A breeders' association was formed by fourteen breeders in 1988, and a breed register was started in the same year. By 1996 the number of farmers rearing the breed had risen to almost 1500. In 2008, the breed was officially approved by the Direção Geral de Veterinária, and the breed register became a genealogical herd-book.

In 2007, the Food and Agriculture Organization of the United Nations listed the conservation status of the Maronesa as "not at risk". At the end of 2016 there were 4777 breeding cows registered in the herd-book; the total population was estimated at 8300±–, and in 2023 there were 4739 adult cows and 158 bulls in the hands of 810 breeders Threats to the Maronesa include the falling number of keepers of the breed, their increasing mean age, and changes in the tax regulations.

== Characteristics ==

The Maronesa is traditional rustic cattle breed. It shows morphological similarity to the Portuguese fighting bull, the Brava de Lide, with marked sexual dimorphism: mature bulls are larger than cows, have a more heavily muscled neck, and tend to show more development in the foreparts compared with the rectangular body outline of cows and bullocks.

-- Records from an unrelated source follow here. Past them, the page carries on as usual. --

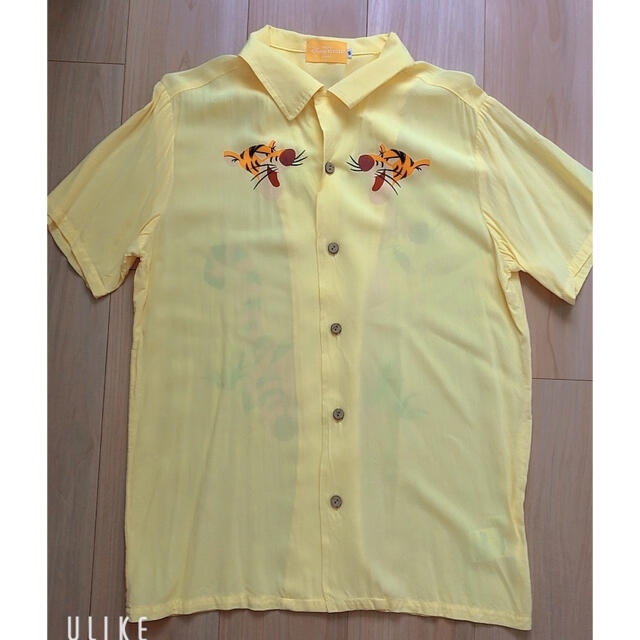 Disney(ディズニー)のdisney ティガー アロハシャツ　S レディースのトップス(シャツ/ブラウス(半袖/袖なし))の商品写真
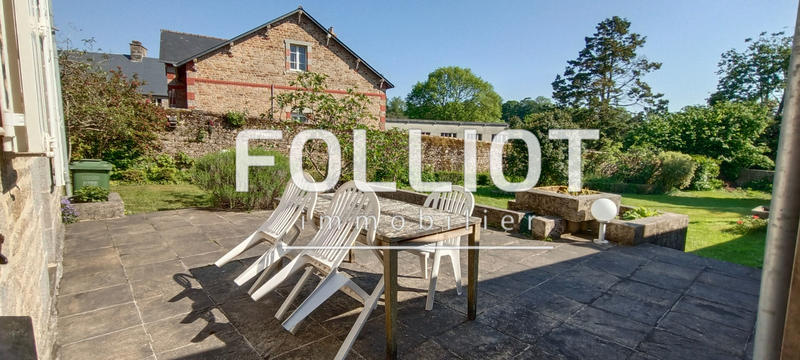 Maison - 250 m² - 8 pièces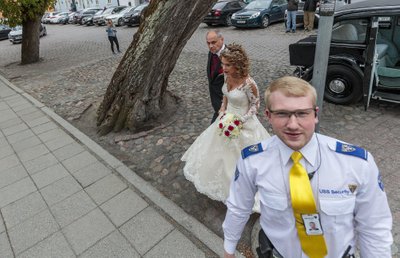 Ärimees Jaan Toots ja tema ärinaisest armastatu Eve Kirs abiellusid Toomkirikus lähedaste sõprade ja sugulaste ringkonnas.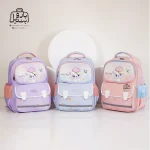 تصویر اختصاصی از نمای جلوی کوله پشتی مدرسه زاندی ۱۲۵۳ در رنگ یاسی صورتی آبی روشن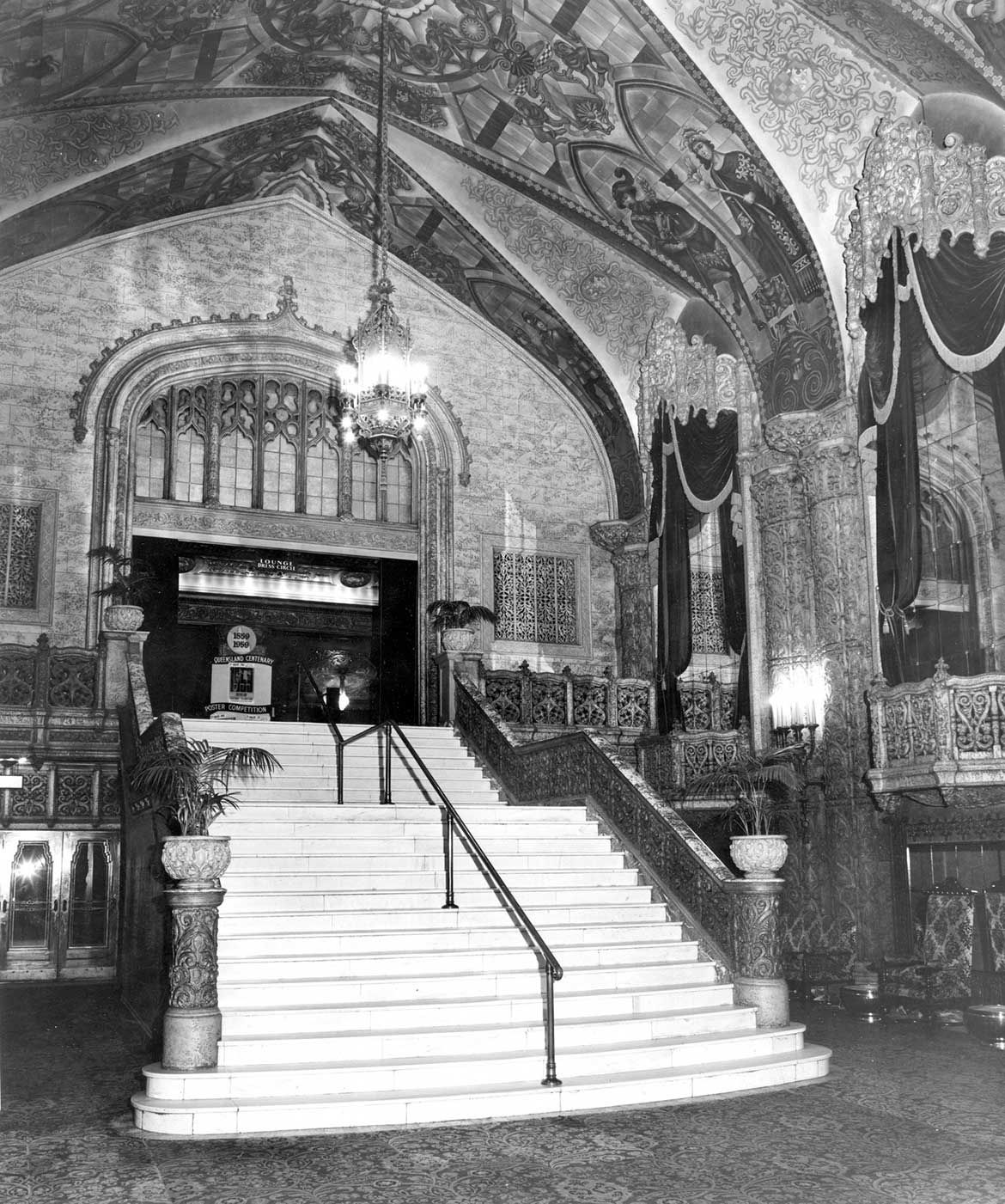 Regent Theatre foyer, c.1959 / 6523-0001-0109 / Courtesy: State Library of Queensland, Brisbane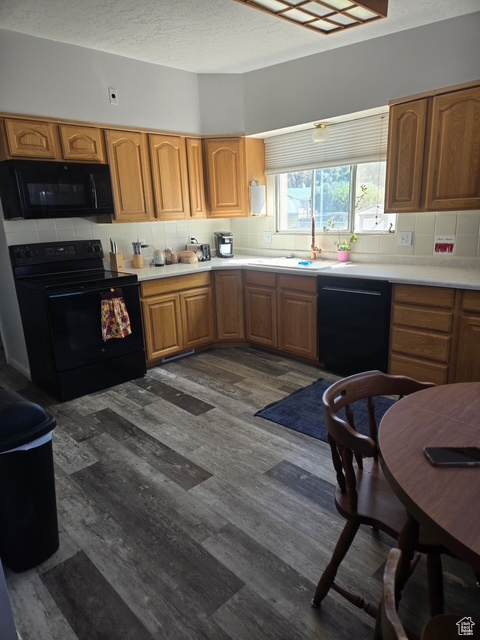 Photo 6 for MLS #2106882 at 826 N 900 East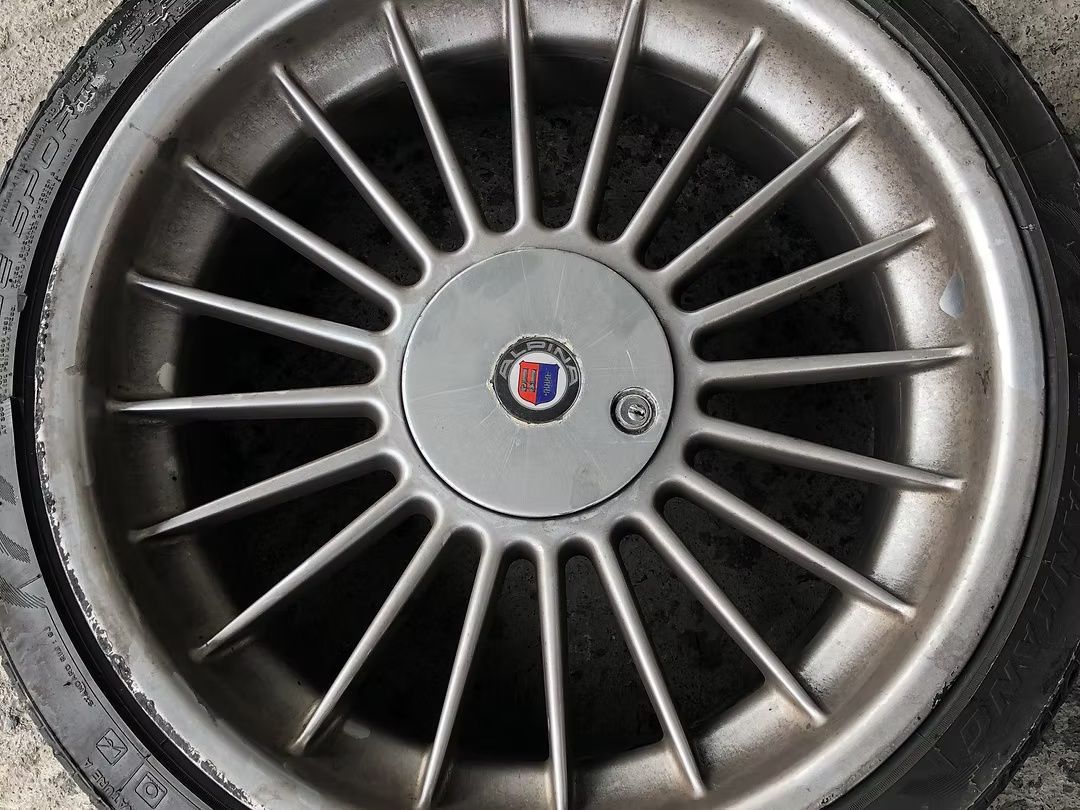 Alloy Wheel Refurbishment Dublin by The Smart Repair Centre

The usual colour is black with a chestnut dorsal stripe, but many cows are chestnut-brown. There is a pale ring round the muzzle; the muzzle and mucosa are black. The head is broad and short, and the profile straight. The horns extend horizontally from the skull, then point forwards and downwards so that they are almost parallel to the facial profile. The dewlap is well developed. In cows, the udder is covered in fine hair.

== Use ==

The traditional use of the Maronesa was for draught power. Since 1996, beef and veal from Maronesa animals reared by eco-friendly methods in a defined and approximately circular area extending northwards from Vila Real – the area of the Serra do Alvão, the Serra da Padrela and the Serra do Marão – has had DOP status, and may be marketed as "Carne Maronesa DOP". The calving rate is low, at about 75 per 100 cows. Approximately 80 % of cows are naturally bred and 20 % artificially inseminated.